AETHER’S CREW STRUGGLED with time. There was so much of it—the hours in each day and the hours in each night, again and again. Weeks, then months to fill. Without knowing what was waiting for them on Earth the prescribed tasks and routines became empty. Pointless. If they would never feel Earth’s gravity again, then why bother with all the medication and exercise to remind their bodies of its weight? If they would never share their discoveries from the Galilean moon survey, then why continue the research? If their planet and everyone they had ever known was burnt or frozen or vaporized or diseased or some other equally unpleasant version of extinction, then what did it matter if they became careless and depressed? Who were they trying to make it home for? What did it matter if they overslept and overate, or underslept and underate—wasn’t despair appropriate? Didn’t it fit their situation?

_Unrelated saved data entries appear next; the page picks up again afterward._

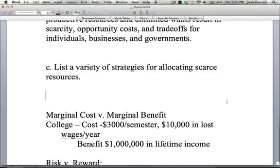The next best thing would be working a job — let's say $10,000 a year, probably even more. So that would be $13,000 if you did one semester, or $16,000 if you did two. That's a pretty high opportunity cost. However, the benefit for most people is over a million dollars in lifetime income, so often the cost is worth the benefit. That would be a marginal cost versus marginal benefit analysis.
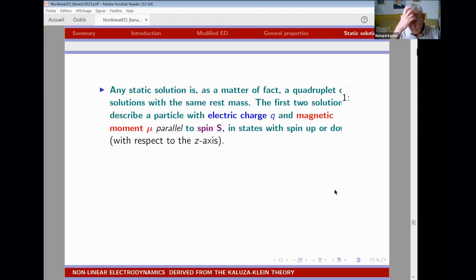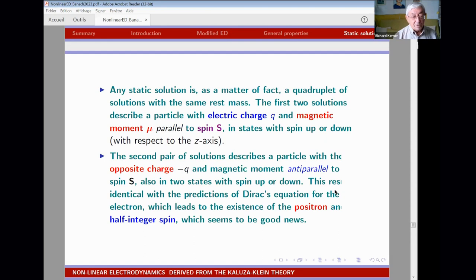Any static solution is in fact a quadruplet with two different electric charges and two different magnetic moments. These symmetry properties can be foreseen just from this simple model, reproducing quantum properties of the electron.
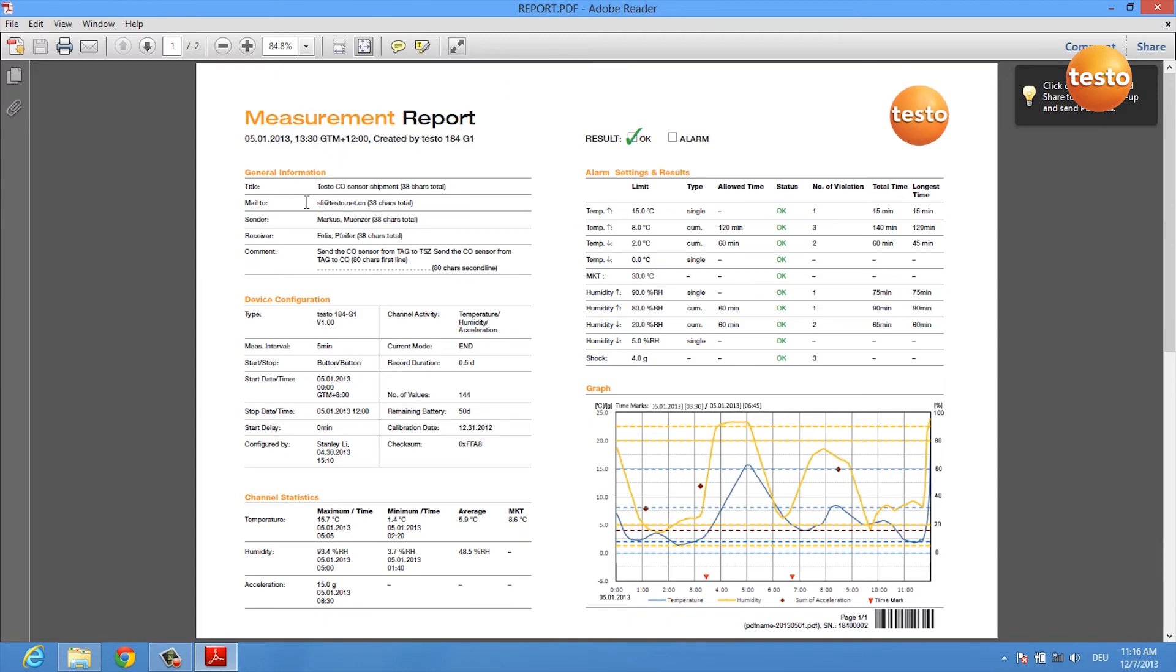Here you see the complete measurement report of your data logger and you get some general information about the device, you get information about the device's configuration.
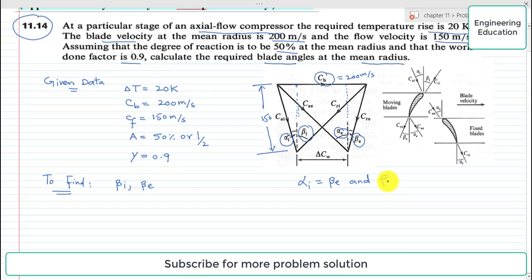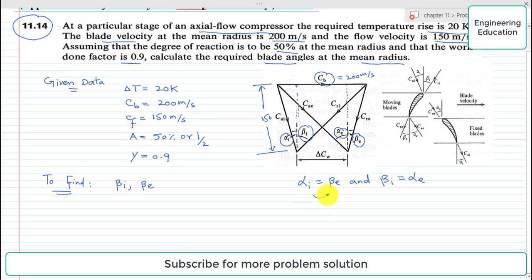From the velocity triangle, for 50% degree of reaction, alpha_i is equal to beta_e, and beta_i is equal to alpha_e. So if we find the value of alpha_i, it is directly equal to beta_e, and if we find beta_i, the value of alpha_e is the same as beta_i.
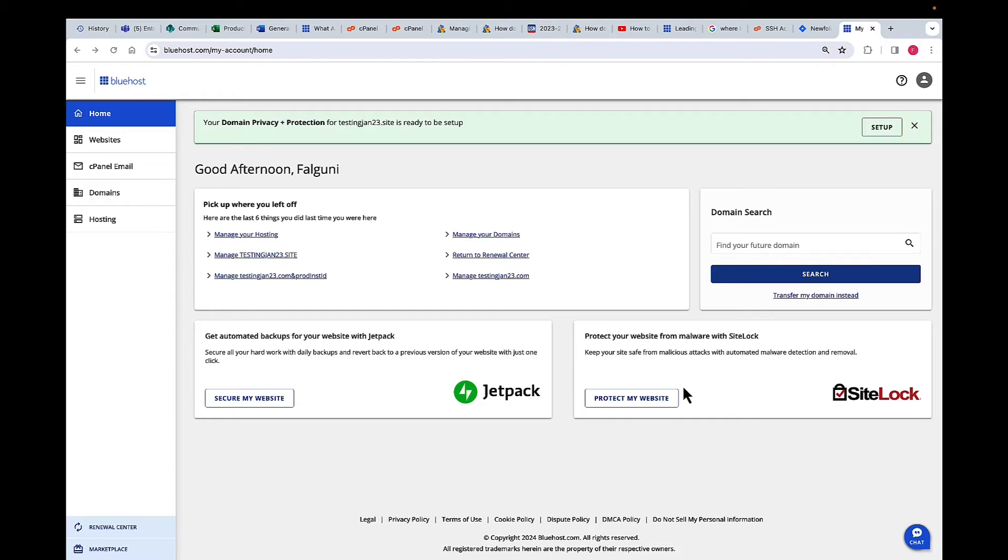Hi, I'm Falguni and I'm the Product Manager for Shade Hosting at Bluehost, and I'm going to show you the steps to download a backup.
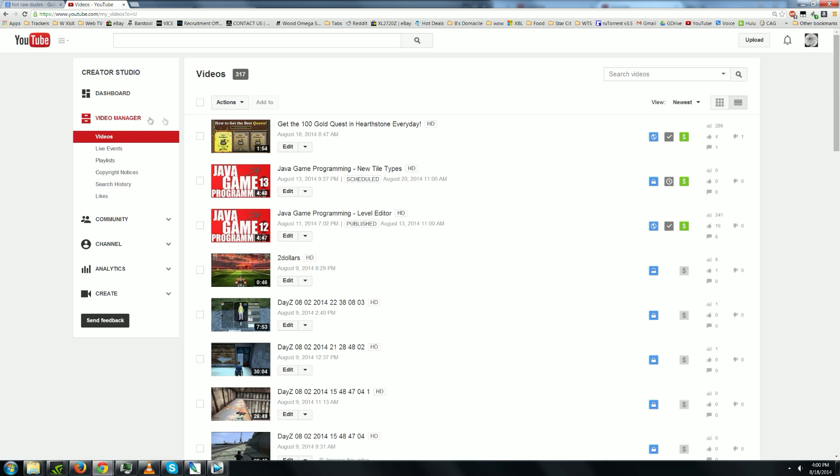Click on that and then you see this little arrow next to the edit button. You just click that and download mp4.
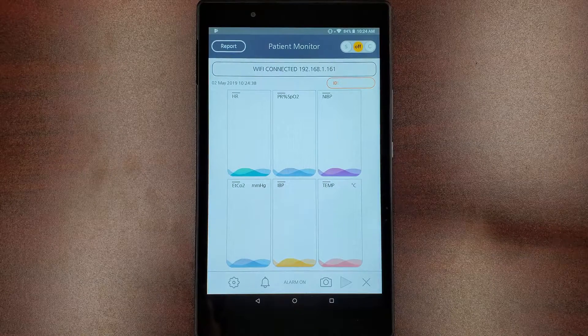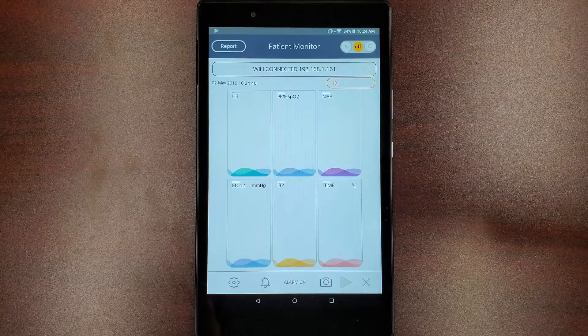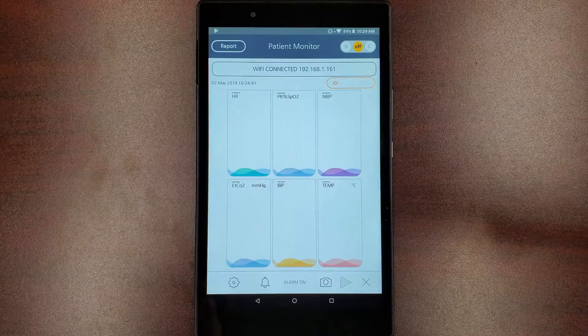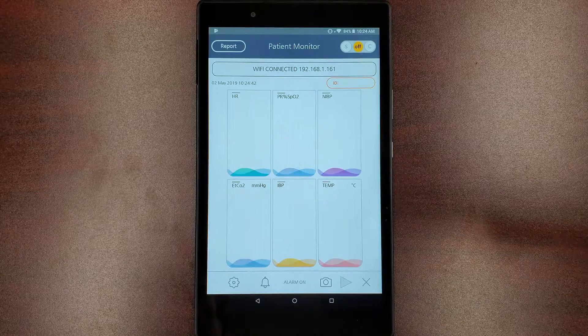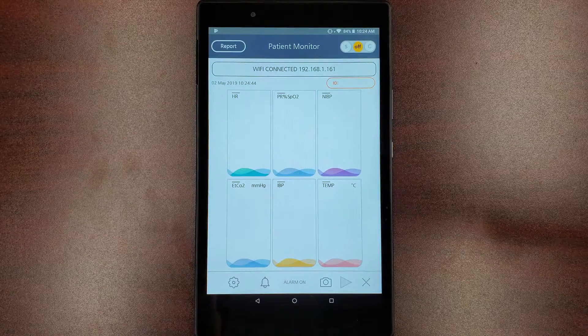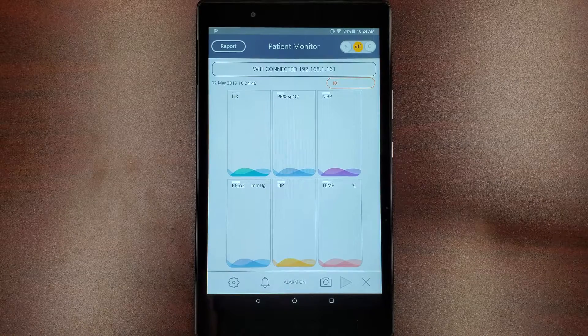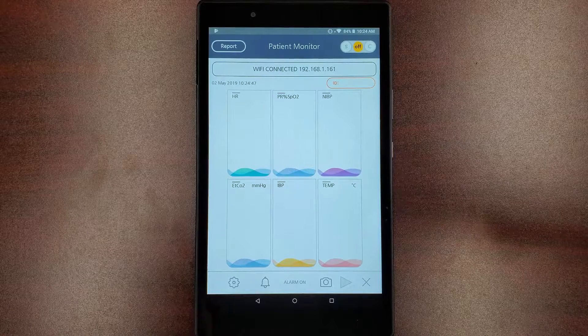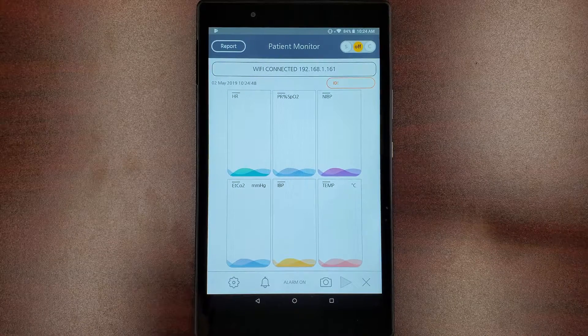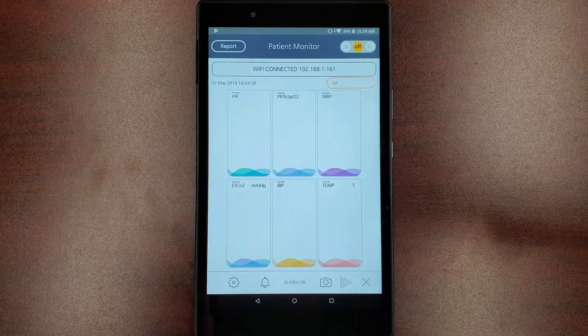Let's begin with server mode. Server mode is best used when there is only one device that will receive the data from your patient monitor. This mode sets up a direct link between your patient monitor and the mobile application.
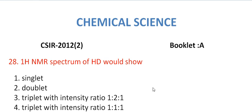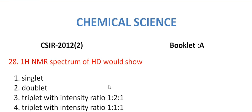Proton NMR spectrum of HD would show the options are: singlet, doublet, triplet with intensity ratio 1:2:1, triplet with intensity ratio 1:1:1.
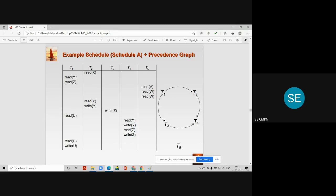Now let us move to the next instruction: read y in transaction t1. Let us check if any other transaction performs a read or write operation on data item y. We find that transaction t2 does — meaning t1 accessed y before t2, so we draw an arc from t1 to t2.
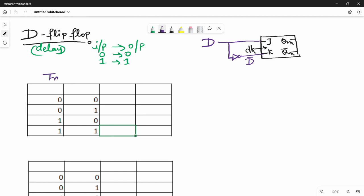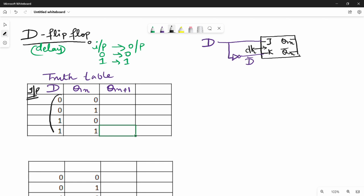So let's look at the direct truth table. If you look at the truth table, what is the input? D is the input, Q(n) is the present state input, and the next state is Q(n+1). So in the D flip-flop it is easy to see — the input is D, and D is the output, so Q(n+1) follows D directly. That is the delay.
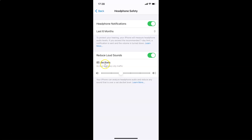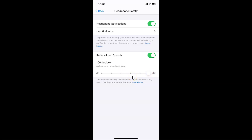Currently it is set to 85 decibels, described as loud as heavy city traffic. You can increase this by moving the slider to the right — it goes up to 100 decibels. If you want to decrease the decibel level, move the slider to the left — it can go down to 75 decibels.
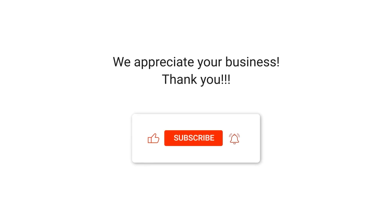We appreciate your business. Thank you. Please remember to subscribe to our channel.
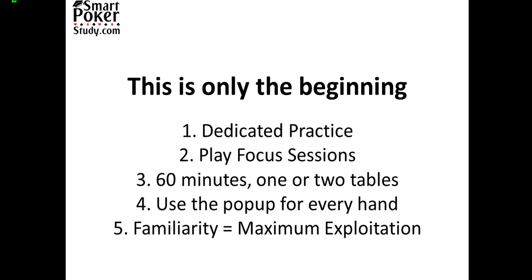So here are the directions again. What I want to say though is that this is only the beginning. Next comes dedicated practice at using your new pop up. Having the numbers there for you is worthless if you don't use them to exploit your opponents in game.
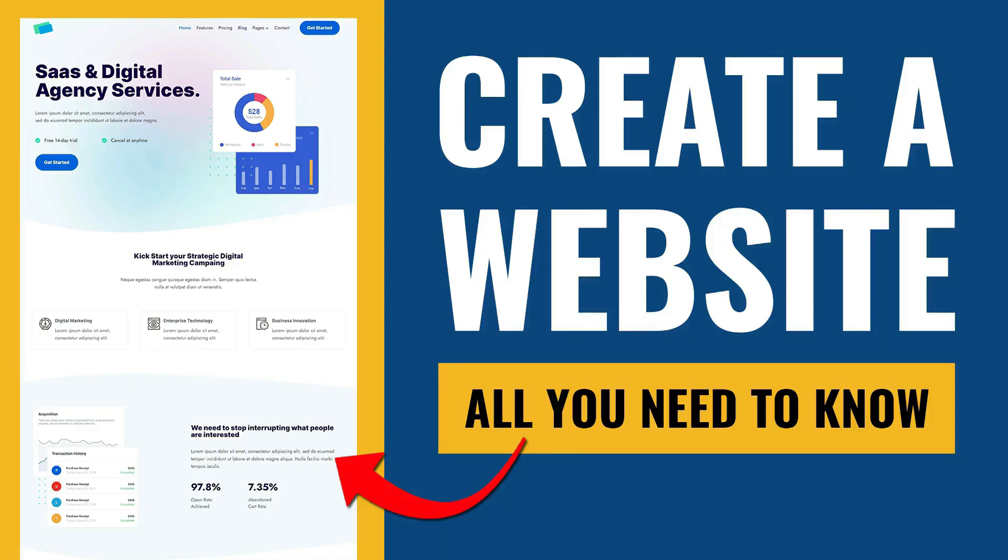In this video, we will teach you how to build your own website from start to finish. Even if you are not techie, no coding required. As long as you can type using your keyboard and use your mouse, you can build a website.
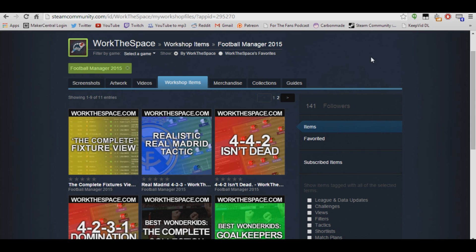What is going on guys? Jack here, and I've got a quick little Football Manager tips and tricks video for you today, showing you how to download items off the Football Manager 2015 Steam Workshop.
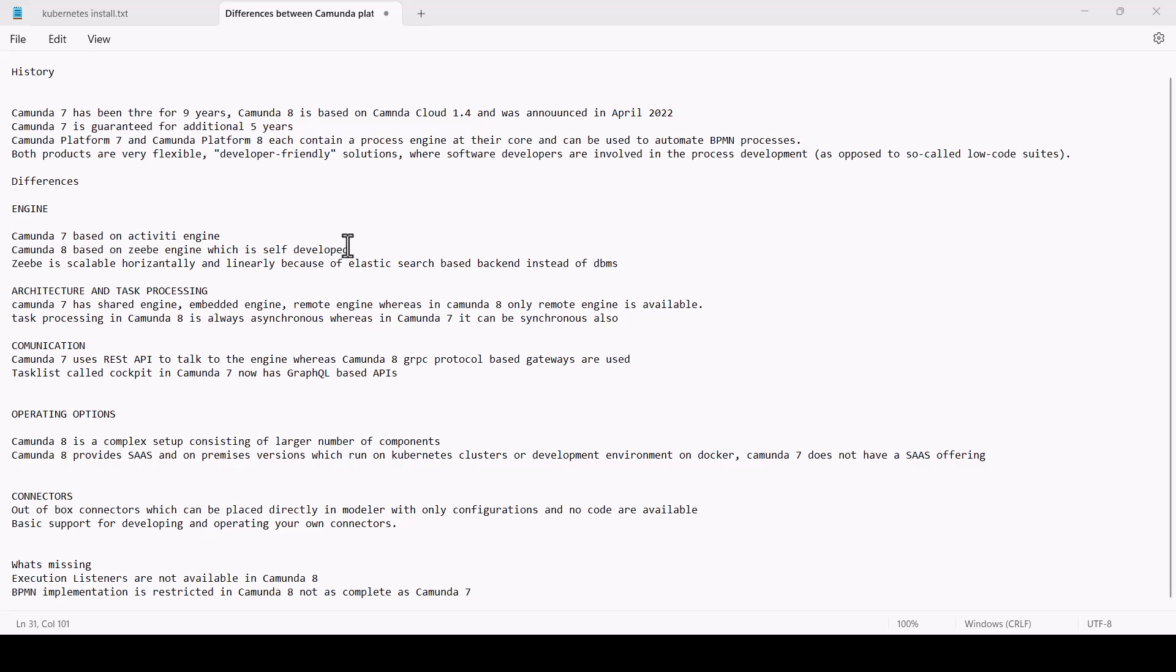What's missing: Execution listeners are not available in Camunda 8. BPMN conformance is restricted in Camunda 8; it's not as complete as Camunda 7, but this should change over time as it iterates over its development cycle.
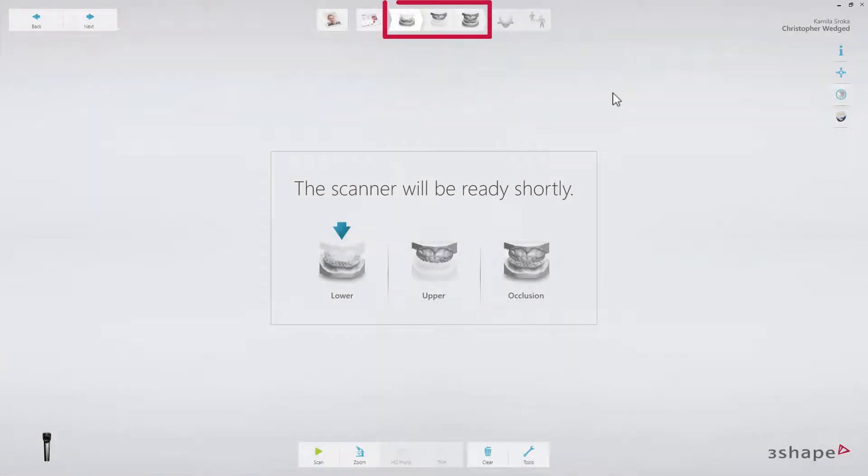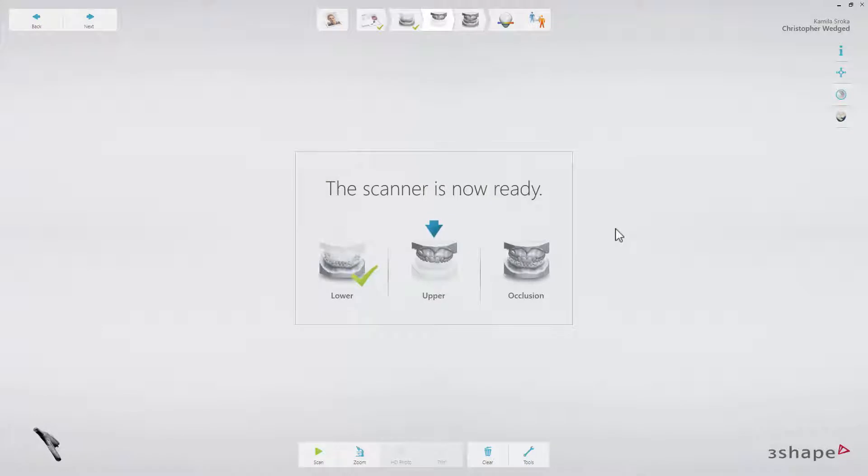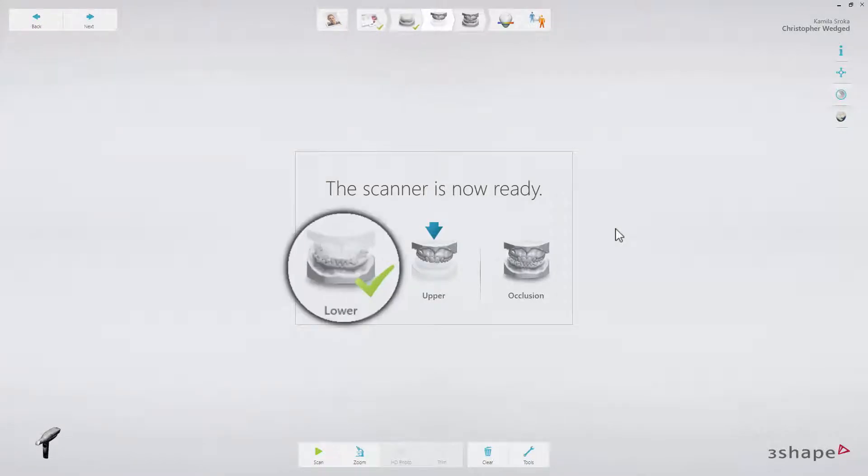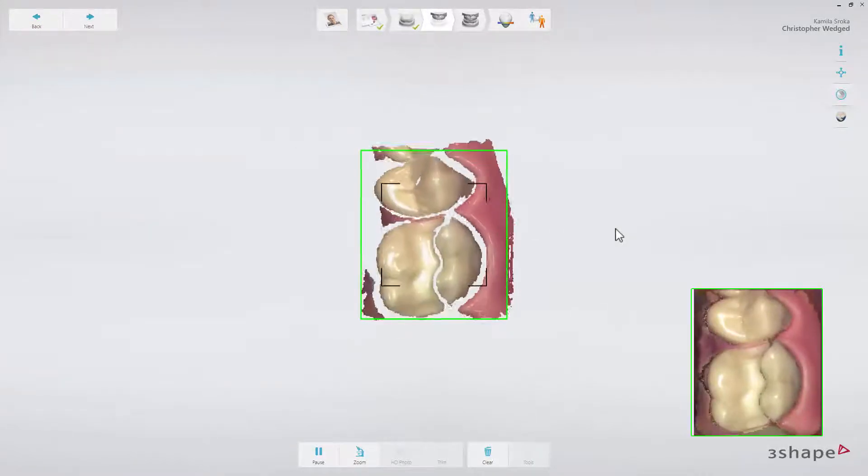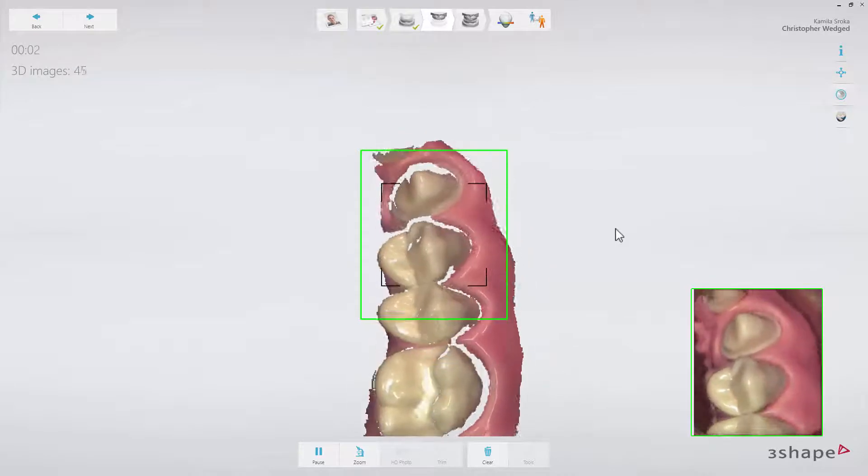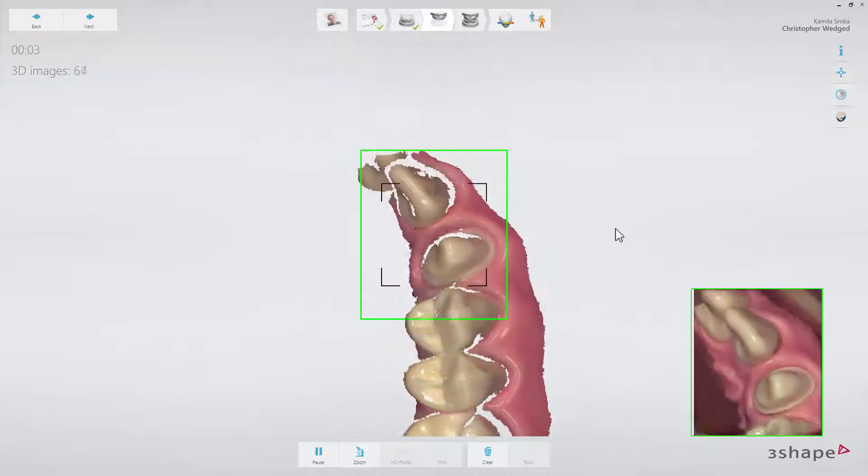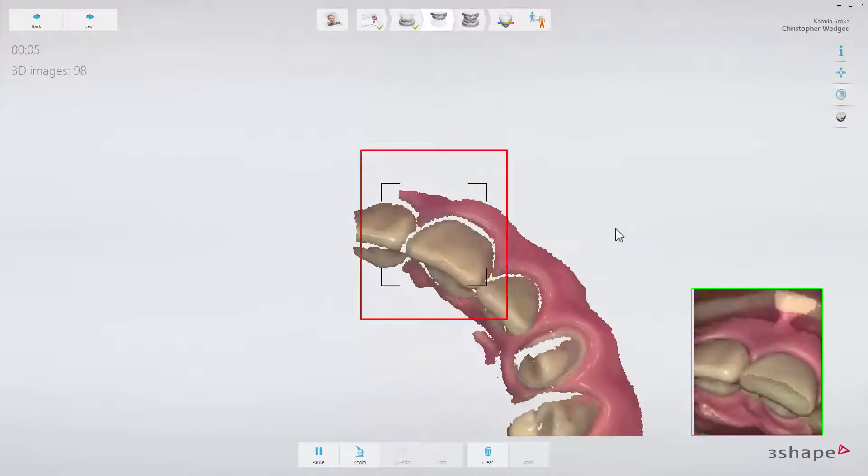The current step in the workflow bar will always be highlighted. All previous steps that have been taken and completed successfully are marked with a small green check. A step will appear disabled if the previous step has not yet been completed.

Everything seemed to move more slowly. A tense apprehension settled over the crew: the weight of the unknown, of creeping futility. Sully found herself typing more slowly, writing more slowly, moving less, thinking less. At first the crew’s collective curiosity burned brightly, as they struggled to understand what had happened, but soon it gave way to a hopeless surrender. There was no way to know, no data to study except the lack of data. Their silent Earth was still ten months away, a long journey to an uncertain home. Nostalgia crept up on her—on all of them. They missed the people, the places, the objects they’d left behind—things they were beginning to think they would never see again. Sully thought of her daughter, Lucy, exuberant and high-pitched, a little blond-haired, brown-eyed cyclone that spun through Sully’s memory the same way she’d spun through their small house. She wished that she had brought more pictures, that she had had a whole thumb drive full of them—more than just the one, which was out of date even when they left. What kind of mother wouldn’t have brought at least a dozen, she thought. And on a two-year trip, when her daughter was turning into a young woman? Sully hadn’t received video uplinks from anyone except work colleagues the entire time she’d been on Aether. She would have treasured them, replayed them over and over, but there was nothing from Lucy, and definitely nothing from Jack. The estrangement of her family hadn’t broken her heart until she left the atmosphere—then all of a sudden it felt like a tragedy that had just recently befallen her, even though it had been that way for years. She tried to re-create the missing photos in her mind, the Christmases and birthdays and that time Lucy and Jack and Sully went whitewater rafting in Colorado, before the divorce. The scenery was easy to fill in—a lopsided blue spruce tree hung with silver tinsel, that green plaid sofa from their old apartment, chili pepper lights in the kitchen, the row of potted plants behind the sink, the red Land Rover packed for a road trip—but it was their faces that were hard to recall.